Crawled caption data:
_ _ _ _

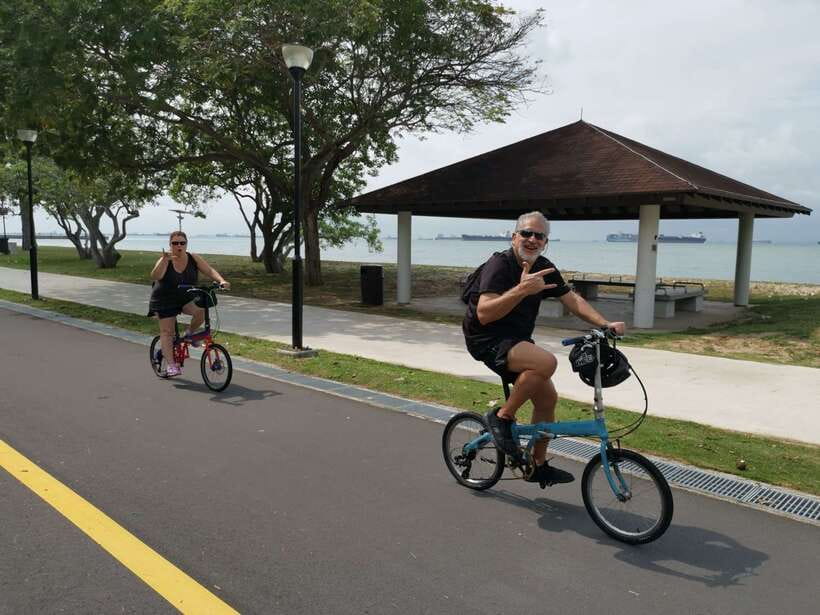 Singapore: Food and Bike Tour: Katong District - East Coast Beach Wind-Down: Why the Finish Feels Like a Reward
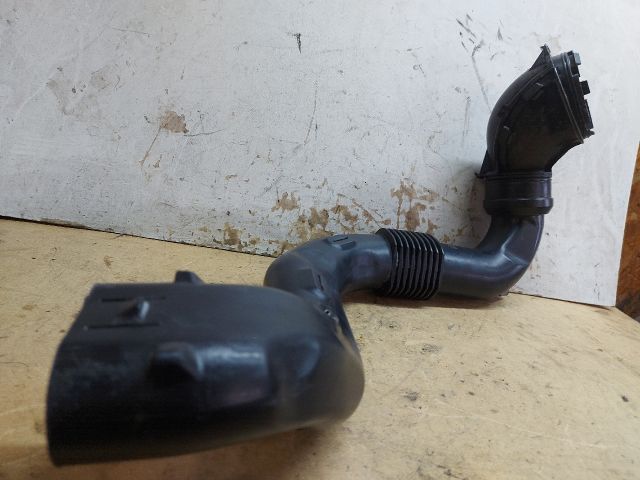 bontott DACIA DUSTER Légbeömlő Cső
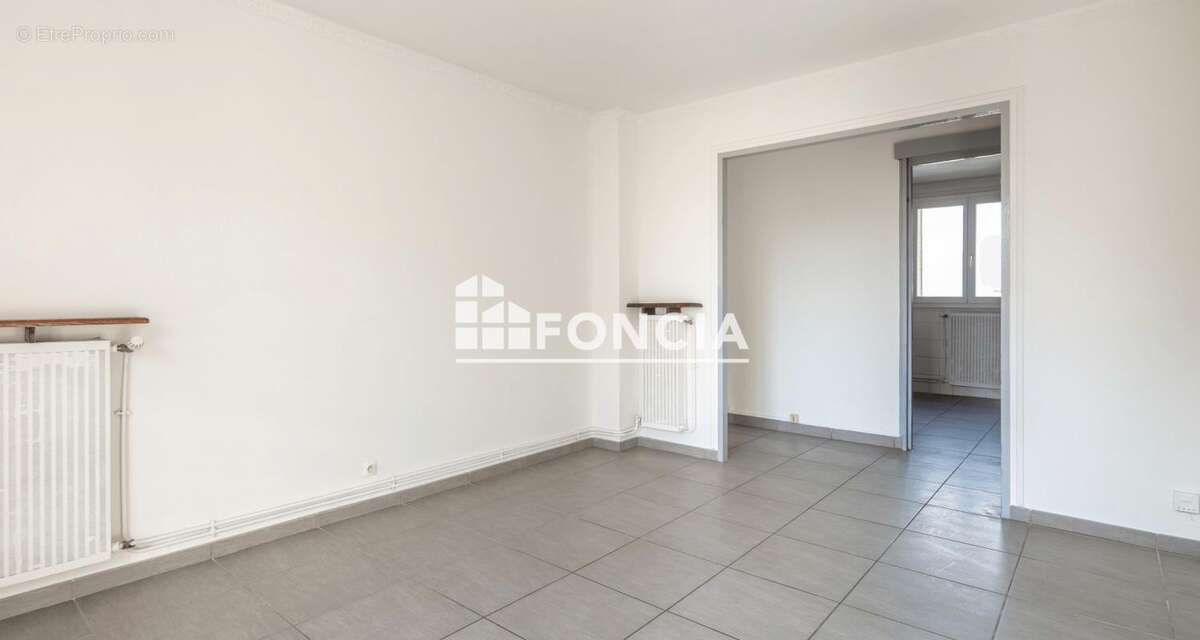 Appartement à FONTAINE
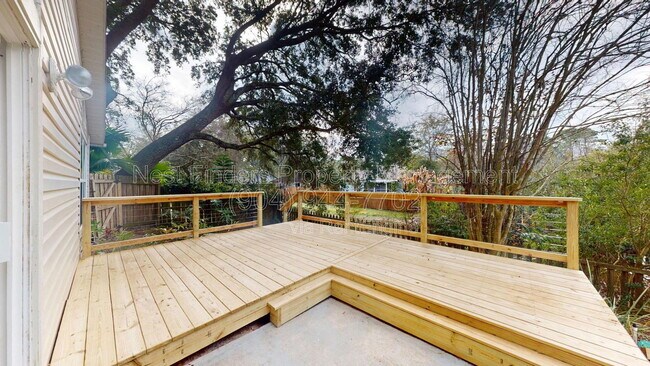 Building Photo - 1738 Chandelier Cir E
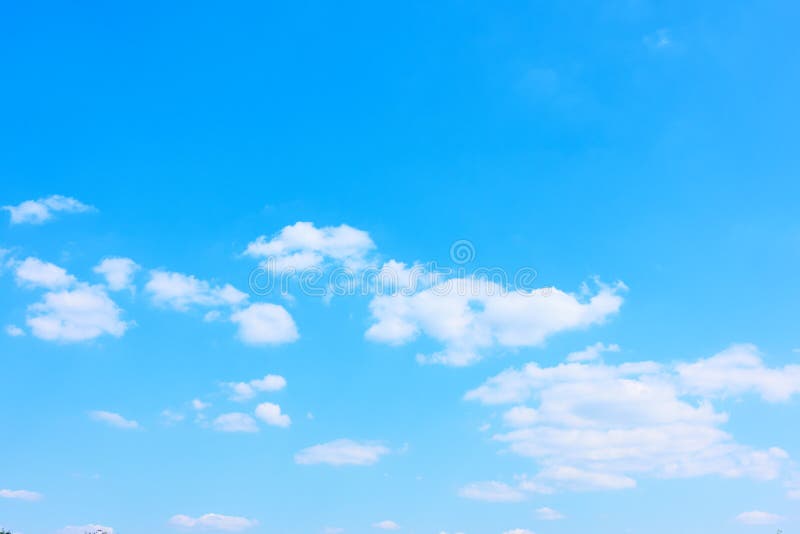 Céu azul e nuvens brancas imagem de stock royalty free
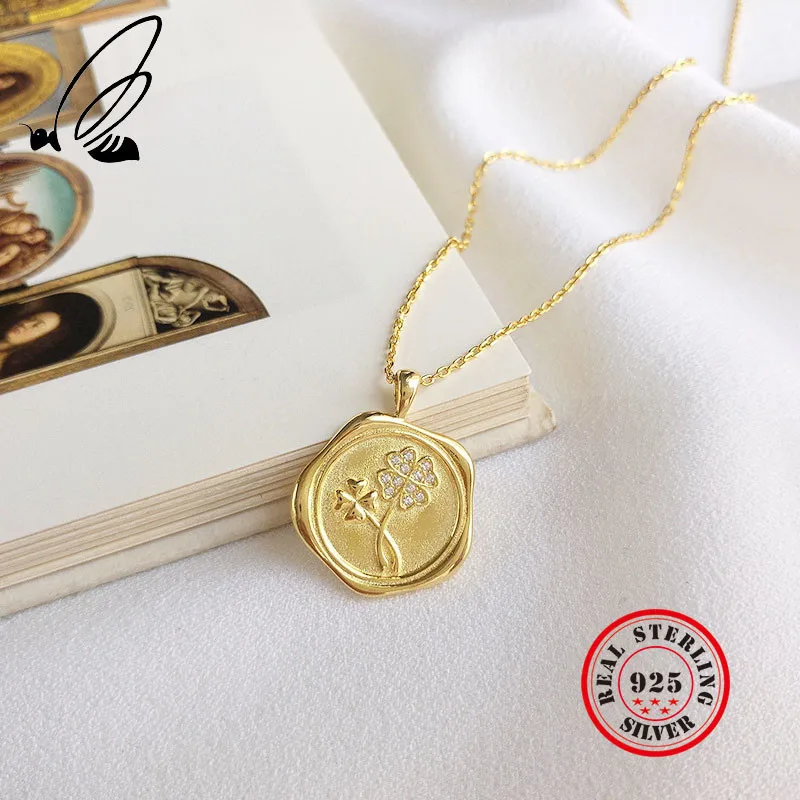 

2019 New Lucky Four Leaf Clover Pendant Necklaces For Women 925 Sterling Silver Gold Round Coin Necklace Vintage Jewelry Kolye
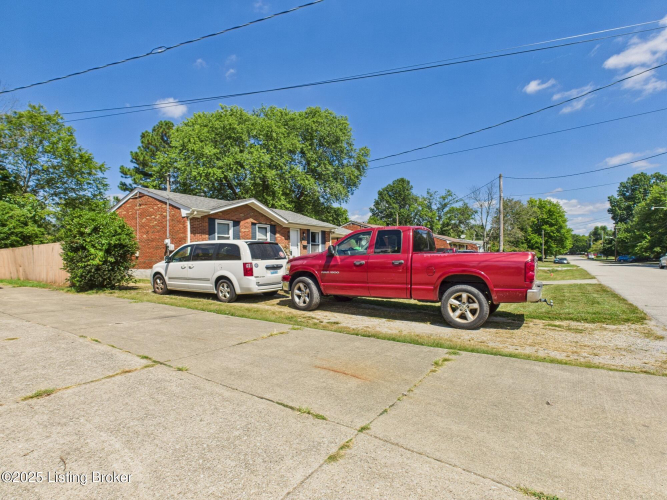 Listing Image 28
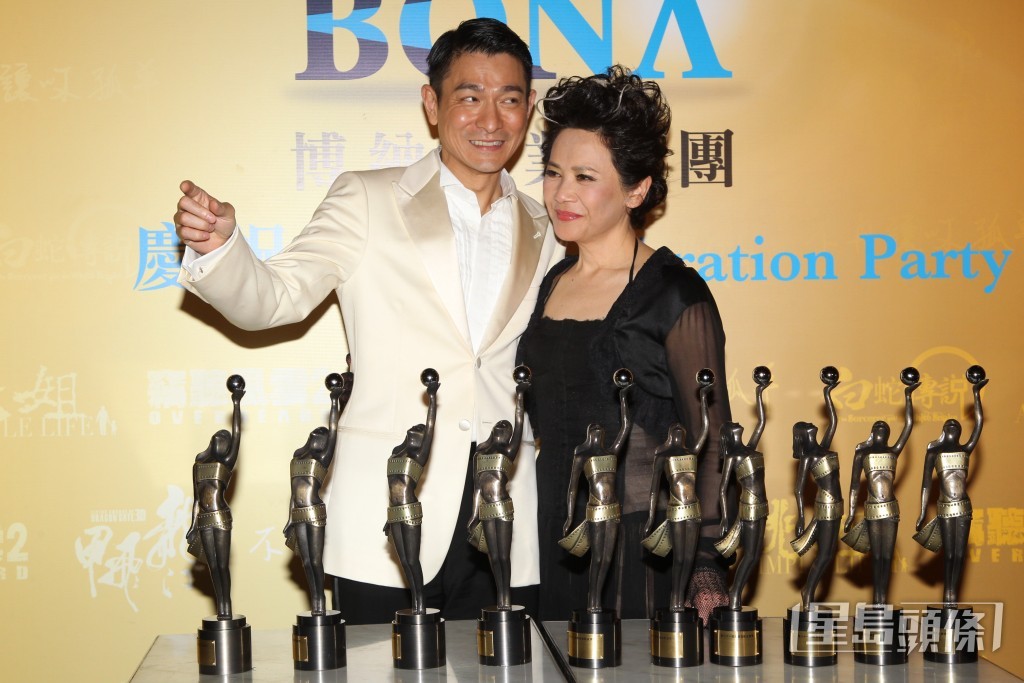 劉德華與葉德嫻憑《桃姐》，於2012年的《第31屆香港電影金像獎》封影帝和影后。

_ _ _ _

*Exercise*: Please leave out the pictures while you copy exactly the lines from the one containing "Building Photo - 1738 Chandelier Cir E" through the end of the records.

*Task solution*:
 Building Photo - 1738 Chandelier Cir E
 Céu azul e nuvens brancas imagem de stock royalty free

2019 New Lucky Four Leaf Clover Pendant Necklaces For Women 925 Sterling Silver Gold Round Coin Necklace Vintage Jewelry Kolye
 Listing Image 28
 劉德華與葉德嫻憑《桃姐》，於2012年的《第31屆香港電影金像獎》封影帝和影后。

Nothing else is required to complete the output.